The Book of Procedure under Exim Policy 1997-2002 referred to by the ld. Consultant is relevant here. I have perused whatever provisions of this book were referred to me. On page VII-313 of this book, I come across an entry relating to parts and accessories of the machines of Heading No. 84.71. Items of Heading 84.71 admittedly include computer (automatic data processing machine). The above entry, therefore, covers parts of computer. I have not come across anything in this book to show that the goods covered by this entry were freely importable at the material time. The entry relating to cellular phone is found under heading 85.25 on page VII 330. This item is found to be freely importable. Photographic cameras are covered under heading No. 90.06 on page VII 353. The items covered by all the sub-entries, barring one, are found to be freely importable. Nothing has been brought on record to show as to which of these sub-entries covered the photographic cameras involved in this case. Lastly, the heading No. 91.08 on page VII. 363 covers watch movements. I find that all the items under this heading are freely importable. Ld. JDR has not disputed the authenticity/applicability of this Book. I, therefore, find that out of the seized goods, some were freely importable and some were not, at the material time. It would follow that some of the goods were liable to confiscation under Section 111(d) and some were not.

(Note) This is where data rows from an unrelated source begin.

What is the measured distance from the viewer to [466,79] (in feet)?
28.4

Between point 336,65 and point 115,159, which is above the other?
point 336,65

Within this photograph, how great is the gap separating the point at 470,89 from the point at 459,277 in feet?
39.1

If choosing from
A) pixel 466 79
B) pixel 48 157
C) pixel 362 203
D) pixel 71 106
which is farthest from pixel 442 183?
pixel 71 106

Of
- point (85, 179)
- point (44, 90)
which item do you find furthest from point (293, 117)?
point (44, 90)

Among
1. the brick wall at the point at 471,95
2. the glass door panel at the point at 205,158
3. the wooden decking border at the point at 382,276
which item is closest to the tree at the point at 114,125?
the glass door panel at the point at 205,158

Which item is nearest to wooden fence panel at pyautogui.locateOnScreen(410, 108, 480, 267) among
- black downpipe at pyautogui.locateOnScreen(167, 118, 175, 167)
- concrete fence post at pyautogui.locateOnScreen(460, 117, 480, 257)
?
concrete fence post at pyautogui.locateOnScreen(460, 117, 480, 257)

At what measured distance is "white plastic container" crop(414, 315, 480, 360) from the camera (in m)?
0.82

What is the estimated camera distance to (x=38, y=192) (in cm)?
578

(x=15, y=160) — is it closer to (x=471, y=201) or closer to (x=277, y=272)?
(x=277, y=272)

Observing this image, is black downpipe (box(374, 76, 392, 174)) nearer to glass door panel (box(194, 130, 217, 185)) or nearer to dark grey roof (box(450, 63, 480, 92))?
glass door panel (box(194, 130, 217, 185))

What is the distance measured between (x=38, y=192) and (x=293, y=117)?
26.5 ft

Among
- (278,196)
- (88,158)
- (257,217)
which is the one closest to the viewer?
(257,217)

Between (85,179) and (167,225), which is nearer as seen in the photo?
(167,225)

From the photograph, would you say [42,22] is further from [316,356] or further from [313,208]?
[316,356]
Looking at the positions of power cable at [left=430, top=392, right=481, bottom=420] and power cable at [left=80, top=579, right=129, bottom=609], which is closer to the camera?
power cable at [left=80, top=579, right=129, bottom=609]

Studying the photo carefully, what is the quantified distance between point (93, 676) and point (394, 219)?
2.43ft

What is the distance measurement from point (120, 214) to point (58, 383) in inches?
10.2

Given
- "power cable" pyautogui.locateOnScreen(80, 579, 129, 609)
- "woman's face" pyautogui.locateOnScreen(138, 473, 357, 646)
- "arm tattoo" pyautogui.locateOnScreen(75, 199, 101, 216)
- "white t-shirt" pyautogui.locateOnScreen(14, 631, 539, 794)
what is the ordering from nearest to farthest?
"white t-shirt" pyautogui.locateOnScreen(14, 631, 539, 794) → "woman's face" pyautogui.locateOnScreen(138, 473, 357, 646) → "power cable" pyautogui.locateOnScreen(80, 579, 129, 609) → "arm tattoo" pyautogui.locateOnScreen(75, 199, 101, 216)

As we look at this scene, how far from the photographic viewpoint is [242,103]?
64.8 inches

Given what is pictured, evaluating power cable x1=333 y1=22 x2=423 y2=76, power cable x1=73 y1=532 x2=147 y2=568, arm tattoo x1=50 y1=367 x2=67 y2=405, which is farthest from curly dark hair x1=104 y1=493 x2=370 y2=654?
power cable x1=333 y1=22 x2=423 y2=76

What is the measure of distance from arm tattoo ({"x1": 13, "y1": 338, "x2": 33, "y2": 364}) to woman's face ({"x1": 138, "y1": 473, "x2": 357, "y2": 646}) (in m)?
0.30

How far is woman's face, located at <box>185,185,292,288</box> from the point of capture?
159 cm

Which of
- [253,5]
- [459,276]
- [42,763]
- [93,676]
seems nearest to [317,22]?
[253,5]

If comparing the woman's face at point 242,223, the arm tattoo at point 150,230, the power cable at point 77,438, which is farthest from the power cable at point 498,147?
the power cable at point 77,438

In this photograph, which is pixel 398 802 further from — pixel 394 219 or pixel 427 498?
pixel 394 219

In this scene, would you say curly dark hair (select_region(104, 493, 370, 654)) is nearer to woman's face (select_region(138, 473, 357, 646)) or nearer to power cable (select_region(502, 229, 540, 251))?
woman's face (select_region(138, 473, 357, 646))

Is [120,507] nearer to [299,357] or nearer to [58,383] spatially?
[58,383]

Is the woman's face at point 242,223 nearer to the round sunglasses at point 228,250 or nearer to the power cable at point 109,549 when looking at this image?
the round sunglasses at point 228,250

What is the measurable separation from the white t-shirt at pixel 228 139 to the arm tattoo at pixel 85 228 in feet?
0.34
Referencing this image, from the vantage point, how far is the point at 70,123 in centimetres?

10. Ld. Commissioner has found that the appellant has admitted in his statement that he was in the know of the nature of the goods when the goods were accepted for carriage. There is no valid retraction of this statement of the appellant. The retraction in the reply to the show-cause notice is too belated to be recognised as a valid retraction. On the basis of this admission even if the statement of the co-noticee was to be ignored, it has to be found that the appellant was in the knowledge of the confiscability of at least some of the seized goods, under Section 111(d), warranting invocation of the penal provisions of Section 112(b). Therefore, in my view, the Commissioner has correctly held that the appellant was liable to penal action under Section 112(b). However, in view of the findings recorded above, the quantum of penalty cannot be sustained. In view of the provisions of the Exim Policy 1997-2002, the appellant had no reason to know or believe that the freely importable goods were liable to confiscation. To know or believe so was restricted to those goods which were not freely importable and hence attracted Section 111(d). Having regard to this position, I reduce the penalty from Rs. 5 Lakhs to Rs. 1 Lakh. The appeal is disposed of in the above terms.